What is needed is an exact reproduction of the lines in the records below, starting at the line with "Flaxbourne Motels Ward Exterior foto" and ending at the line with "Dior Pre-loved Bag", both included, and nothing else; pictures stay out.

• Data under study
┄┄┄┄┄┄

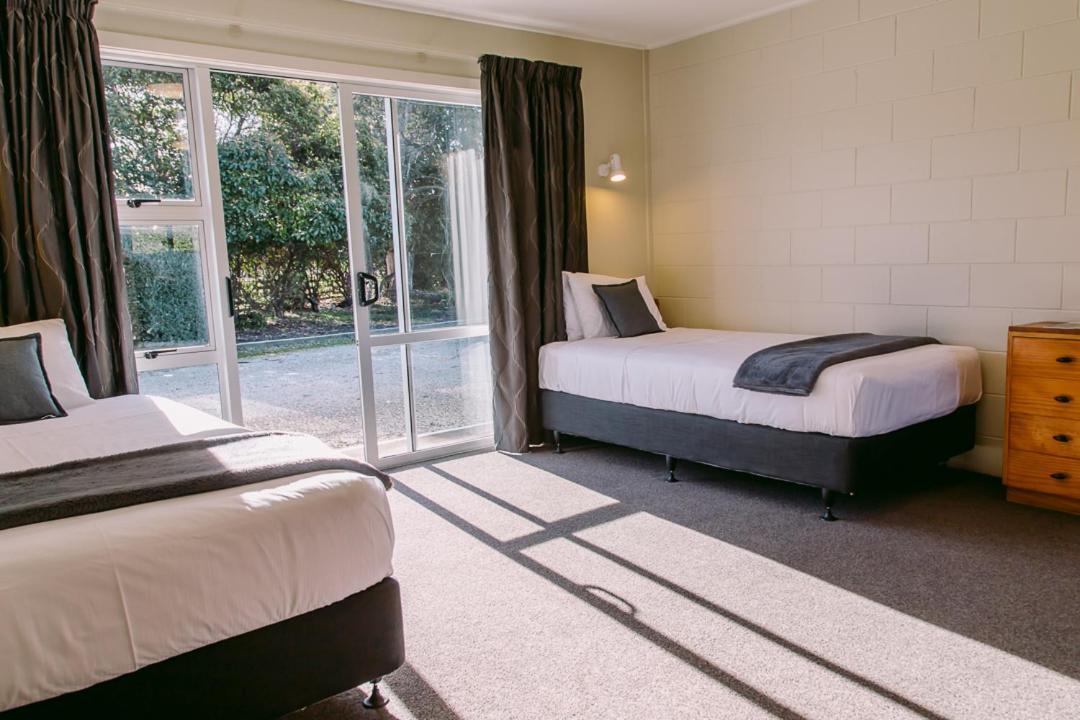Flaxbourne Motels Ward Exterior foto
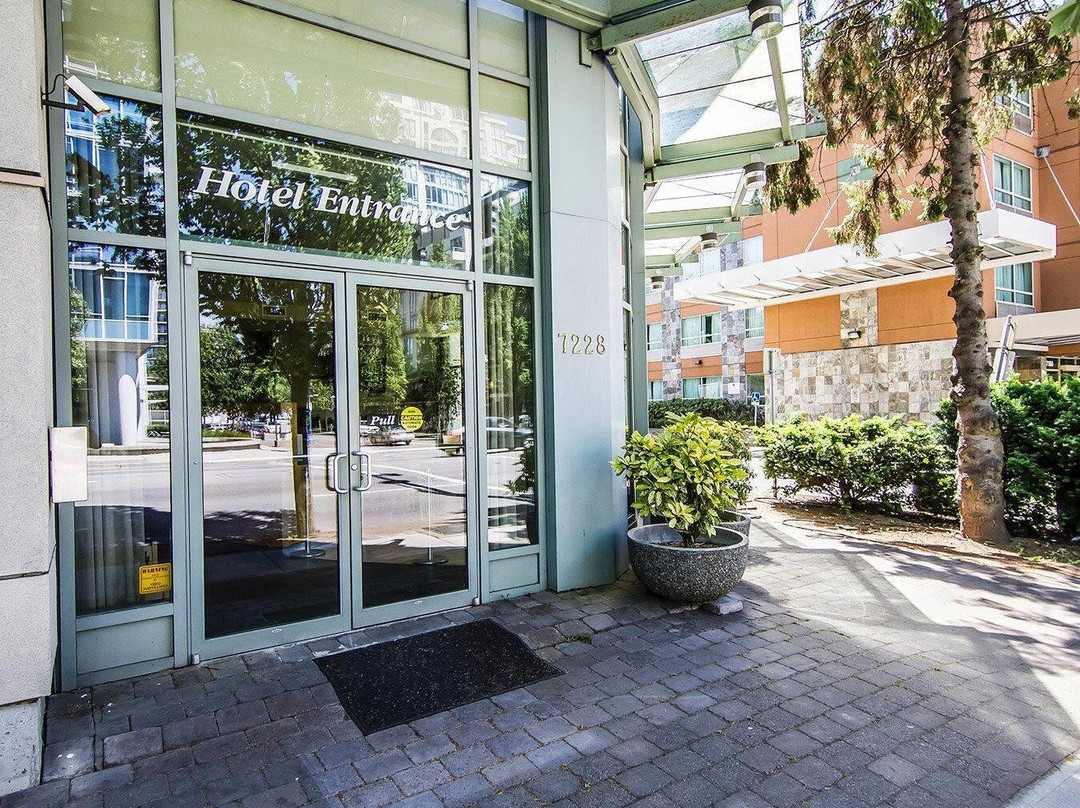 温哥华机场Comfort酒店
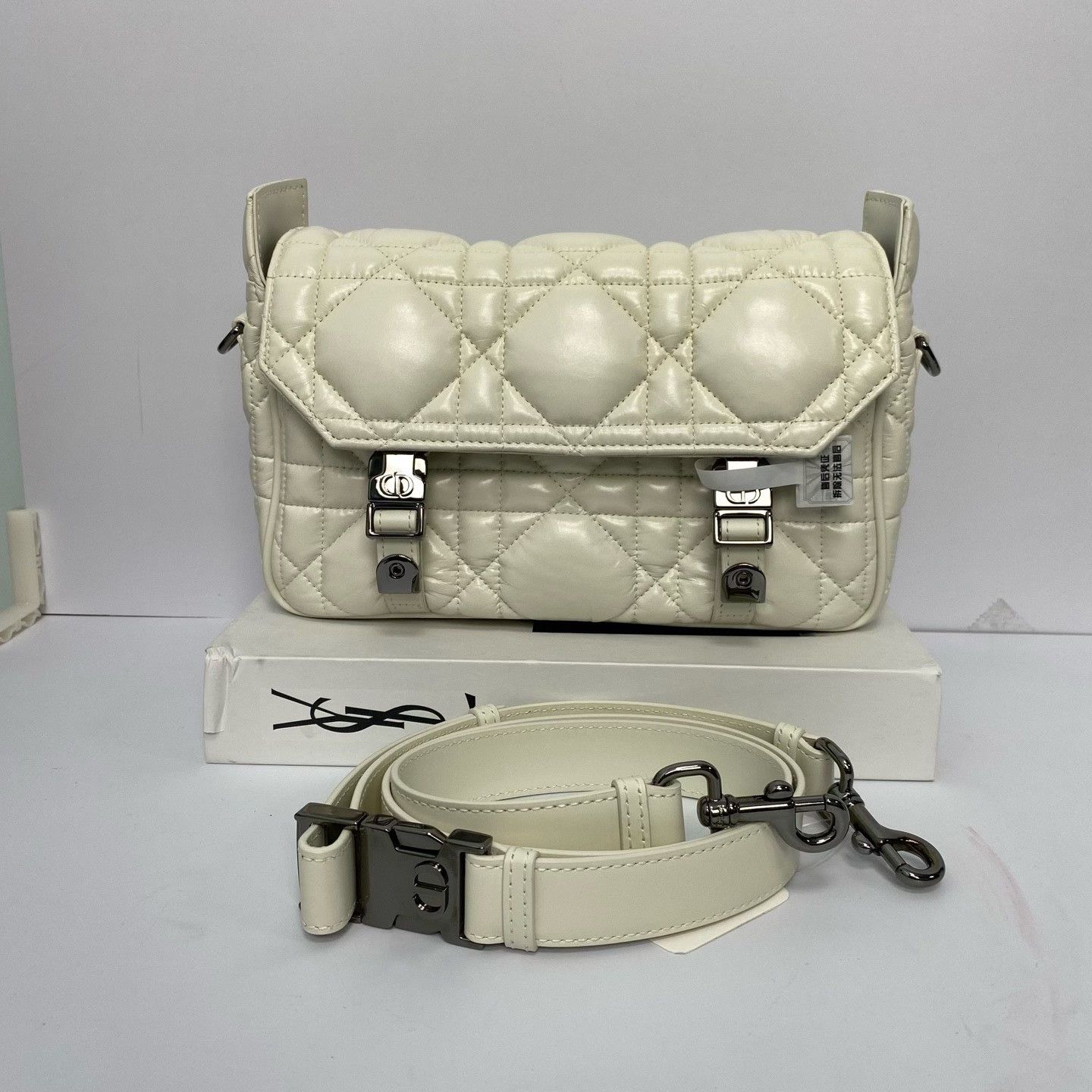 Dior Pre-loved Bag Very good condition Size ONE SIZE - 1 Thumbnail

┄┄┄┄┄┄

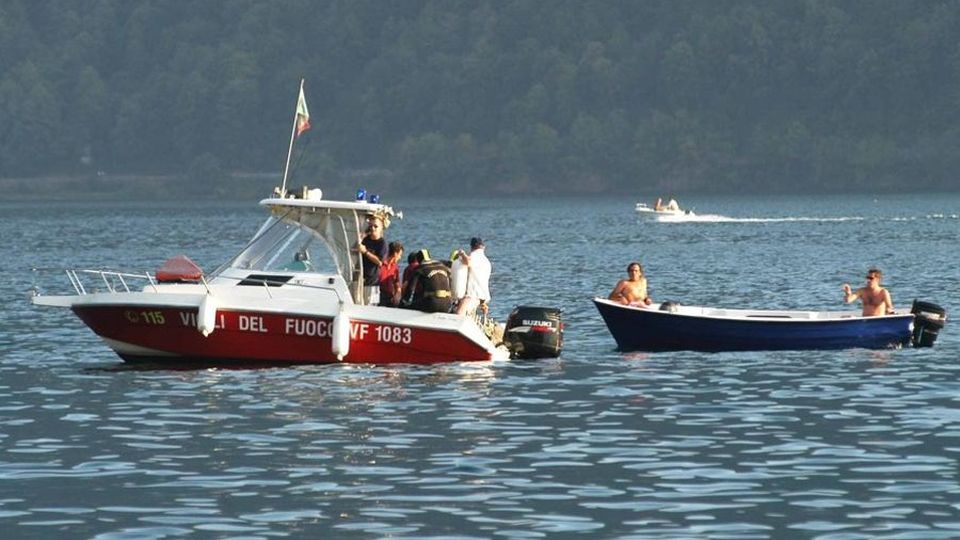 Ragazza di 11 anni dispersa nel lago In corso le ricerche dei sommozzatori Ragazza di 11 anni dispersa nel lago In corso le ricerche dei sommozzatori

┄┄┄┄┄┄

• Solved exercise
Flaxbourne Motels Ward Exterior foto
 温哥华机场Comfort酒店
 Dior Pre-loved Bag Very good condition Size ONE SIZE - 1 Thumbnail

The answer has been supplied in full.